This ‘how to get started in illustration’ article is for people looking to get into illustration as a profession, for people looking to earn actual money from their artistic talents. With that said, it is a difficult task, obviously people the world over draw just for fun and getting someone to pay you for the privilege can seem like a daunting task. I know from experience that when I first started in illustration I was so racked with guilt at the thought of charging someone for an activity I enjoyed so much that I charged next to nothing for my (sometimes extensive) work. It’s this mindset that can be the most difficult obstactle to overcome as an illustrator and it’s something that you’ll need to learn and learn fast if you want to make it as a professional.
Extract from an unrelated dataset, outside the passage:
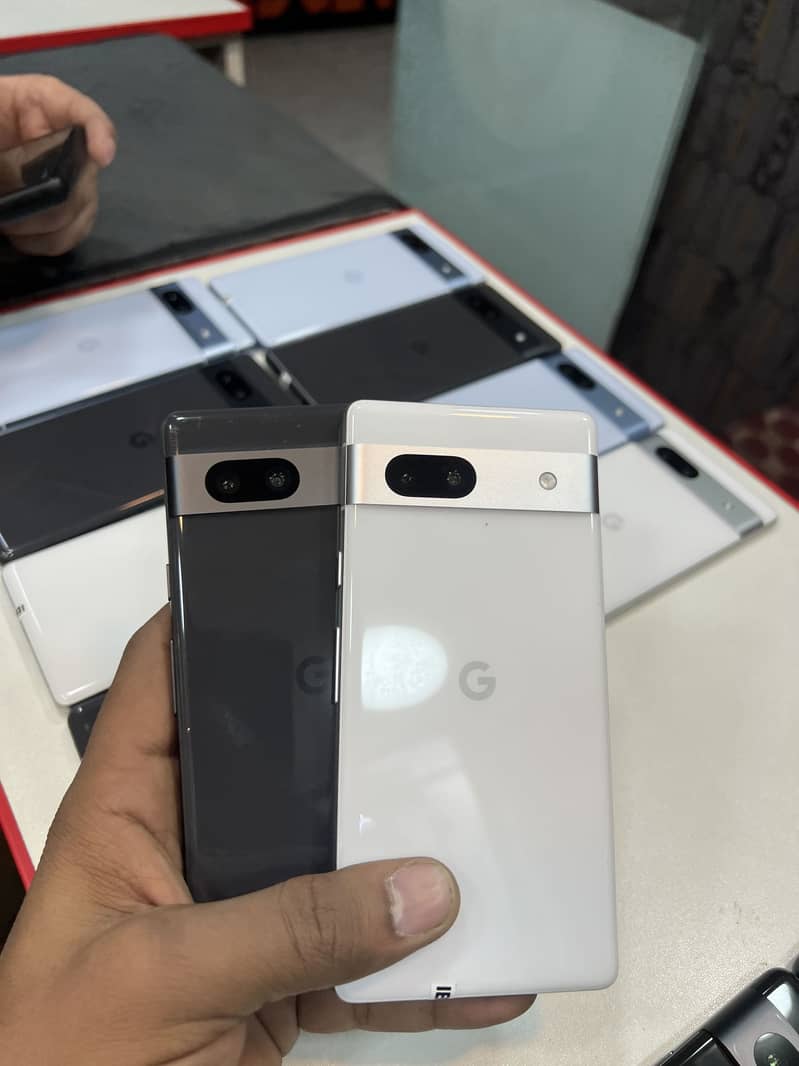 Google pixel 7A 3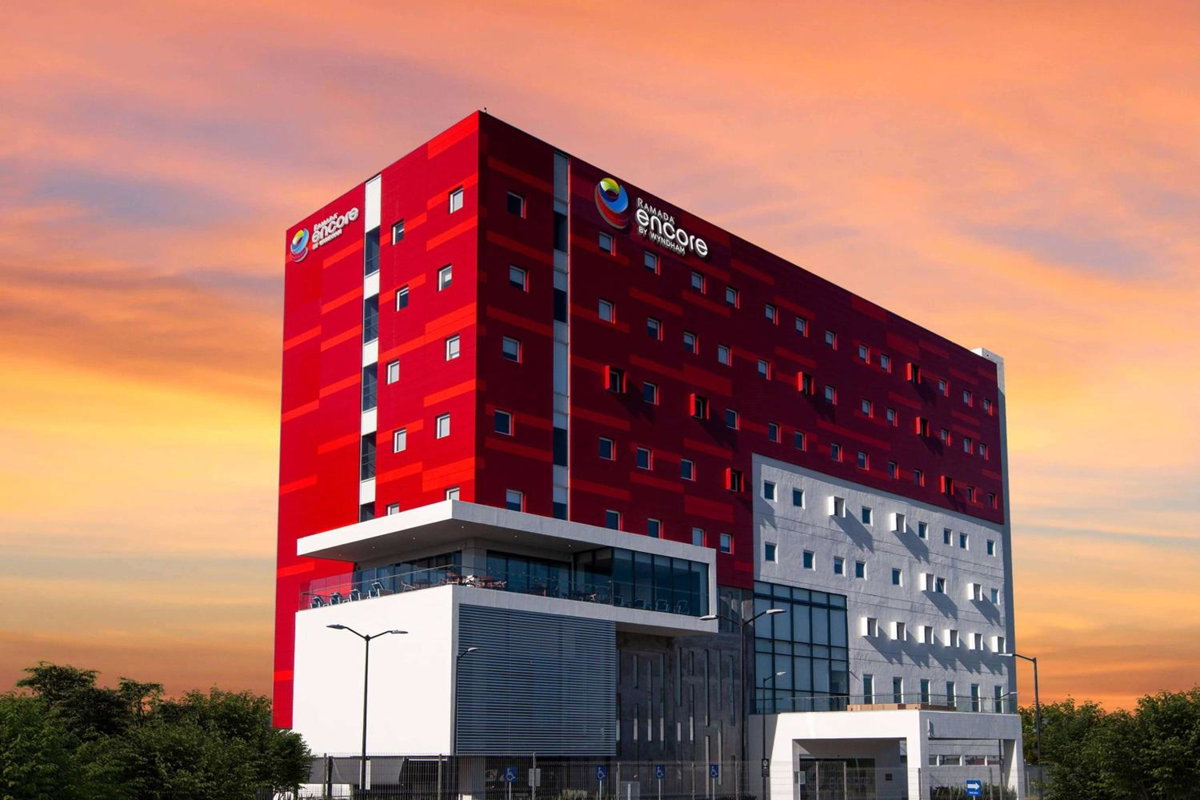 Hotel · Ramada Encore by Wyndham Guadalajara Aeropuerto, Las Pintitas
What is true of a lot of creative industries is ten times more true for illustrators; nobody can do what you do.

Those First Jobs

To get that first paid work in you have to look at the lower end of the market

Getting your first paying job is the first step to becoming a professional illustrator. Now granted, I know I just said that you need to know what you’re worth, but unless you can prove it to a potential client, you’re not going to get anyone willing to pay professional rates right off the bat. So to get that first paid work in you have to look at the lower end of the market. Now there are litterally hundreds of places and niches that need a good, cheap illustrator, but here some of the places I’ve seen crop up again again when illustrators talk about their first projects.

Friends Bands. Bands are always in need of illustrators and designers to help produce their next EP cover or a cool t-shirt they can sell at their gigs so they can earn some money. They always have really grand ideas and never have the money to pay for them, but we struggling artists have to stick together right? Maybe they can write you a song? Realistically speaking though, this isn’t a bad place to showcase your work. The band will be doing everything they can to show off your work (as it means they get paid) which will get you some decent exposure when you’re brand new, and they’ll also be getting attention from the other bands they play with who may be in need of your services.

Independent Comics. Comics are renowned in the illustration community for being like fly traps for artists. They sound awesome, and often there is money attached, but you can forget just how long it will take you to complete it. Sometimes the numbers sound great, but you don’t realise that the four issue series you just signed up for could take you eight months or longer to complete. This is how I got started and ended up working on a comic series for close to a year! That said, these do give you a really good chance to hone your skills as an artist and you have plenty of work that you can show off to future clients.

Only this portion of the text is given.